Message from the Ombudsman (September 4, 2014)

Transition to Civilian Life

For many ill and injured Canadian Armed Forces personnel, the most difficult period is the transition from uniformed military member to life as a civilian.

In many cases, the individual has spent their entire adult life as a member of the Canadian military. It’s all they know. It's all many of their families know.

In 2012 the Auditor General confirmed in a report that not only do Canadian Forces members and Veterans find the transition process complex, lengthy and challenging to navigate but so too do departmental staff from National Defence and Veterans Affairs.

It’s a process which must be simplified and made less stressful for the ill and injured Canadian Armed Forces member.

With my current role as National Defence Ombudsman and previous role as deputy Veterans Ombudsman, I've been able to see the transition issue from both perspectives. It's clear that only a holistic fix that cuts through departmental stovepipes and processes will get us closer to where we need to be.

The Parliamentary Veterans Affairs Committee and Senate Sub committee on Veterans have both tabled a series of recommendations aimed at improving the care of ill injured CF members and Veterans. A key component of the recommendations looks at transition.

My office and that of the Veterans Ombudsman, started working together earlier this year to look at ways to jointly tackle this important issue. To that end, we contacted our respective Ministers in June to advise them that we were going to launch a joint systemic investigation to identify recommended improvements, red tape reduction and common sense fixes to the transition process.

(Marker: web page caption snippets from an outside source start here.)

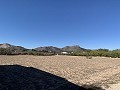 Casa de campo con vistas incredible in Alicante Dream Homes API 1122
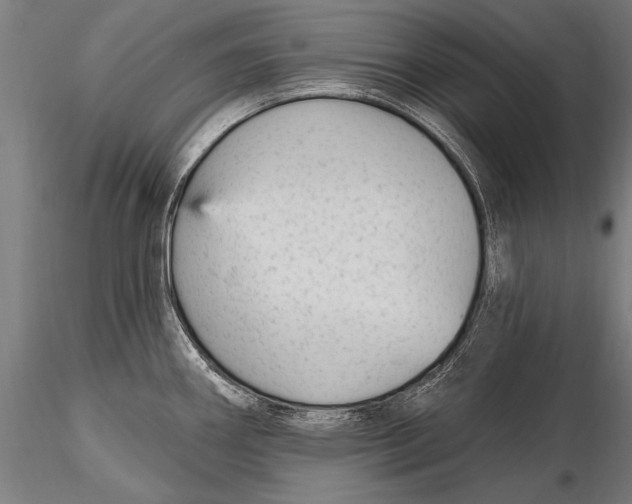 X0000115381290200912011156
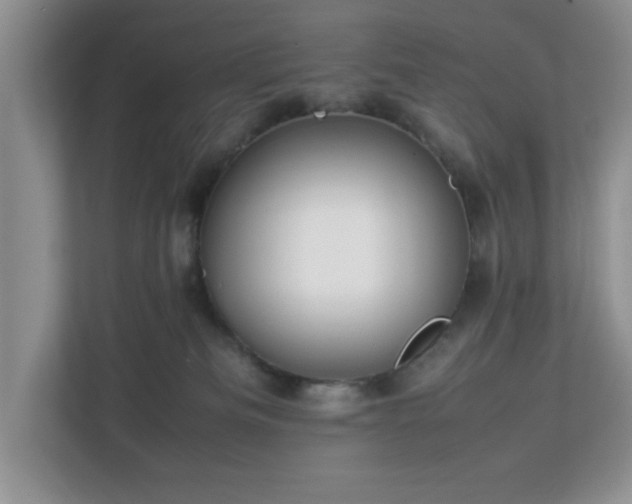 X0000113070133200909041105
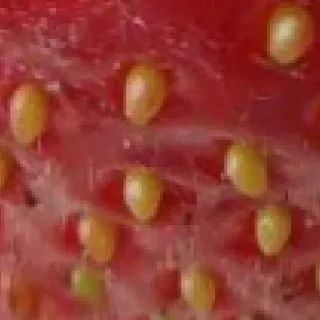 Sticker Больше стиков тут: @stikery4 - 2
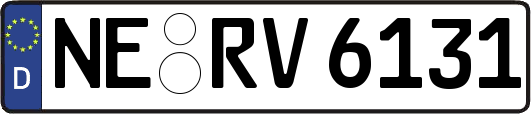 NE-RV6131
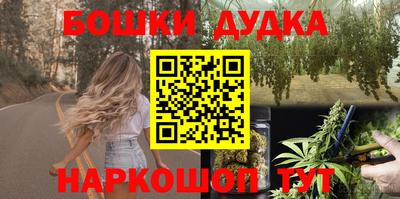 индика Кулебаки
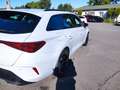 CUPRA Leon LEON SPORTSTOURER 1.5 TSI NAVI AHZV-VORBER. SHZ Blanco - thumbnail 2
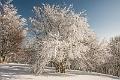 2015_02_07(0082)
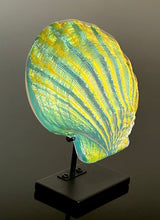 Sunset Scallop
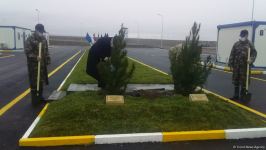 На территории Турецко-российского совместного мониторингового центра посажены деревья (ВИДЕО/ФОТО)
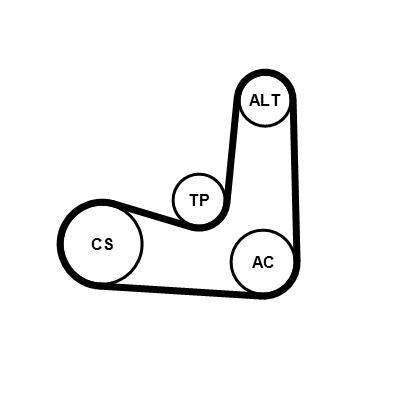 Kit de correias trapezoidais estriadas CONTITECH ref. 6PK1070K5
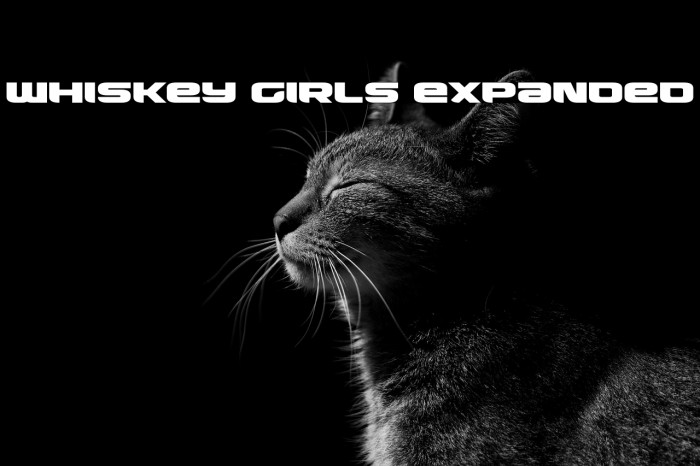 Whiskey Girls Expanded Example 1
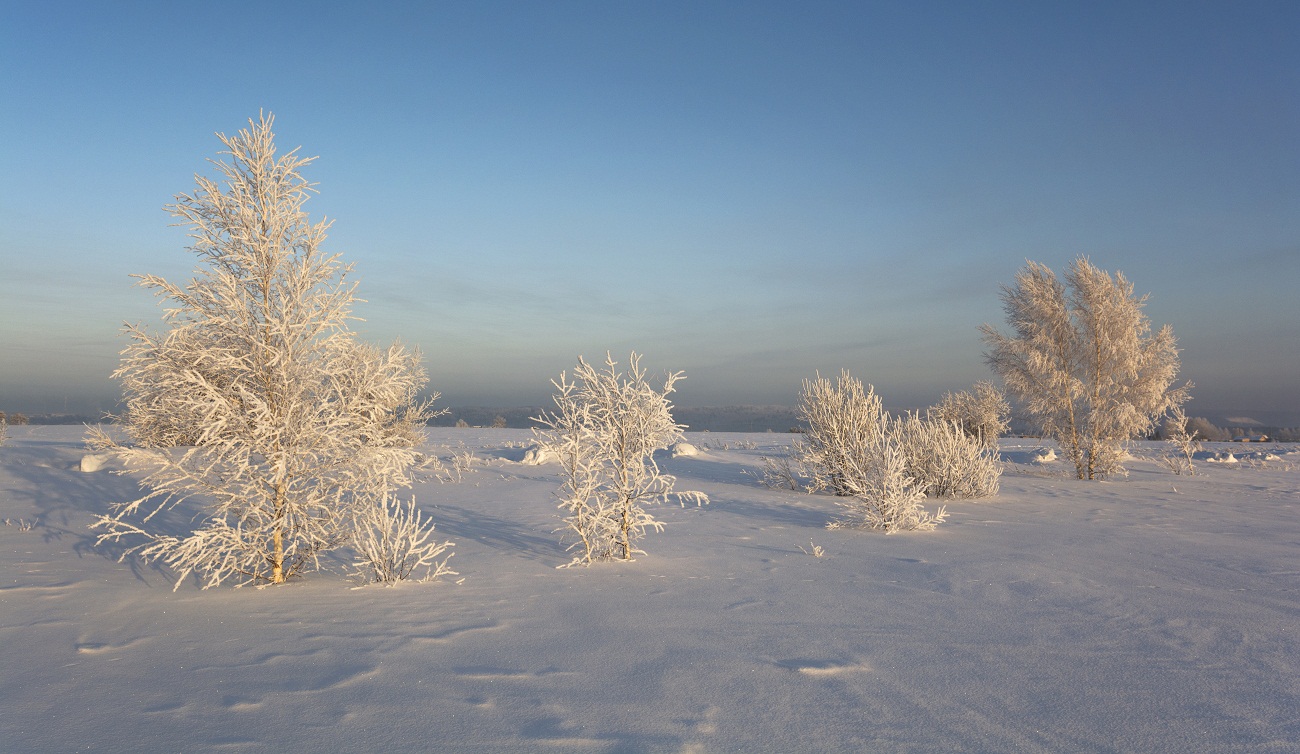 Вот такой он январь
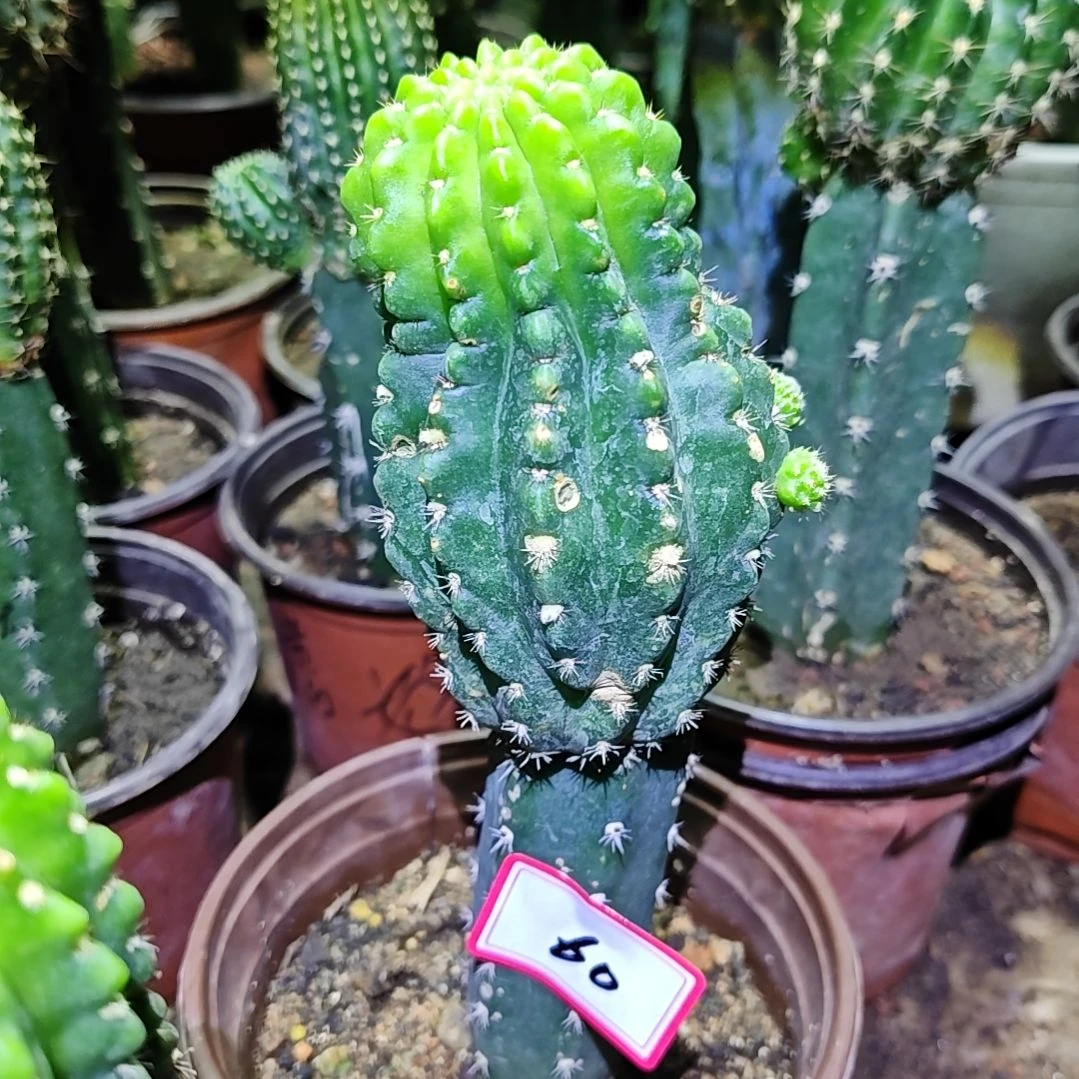秋***舞丽花辣舞秀普嫁接福微瑕60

Transition is a complex topic. We are mid-way through the first phase of our joint review which will focus on the period where a CAF member receives a medical release message to the point where they enter the care of Veterans Affairs Canada as an injured or ill Veteran.We will publicly release our findings and recommendations on this in the near future. Additionally, we will tackle the remaining areas of concern one at a time over the course of the next 15 to 18 months.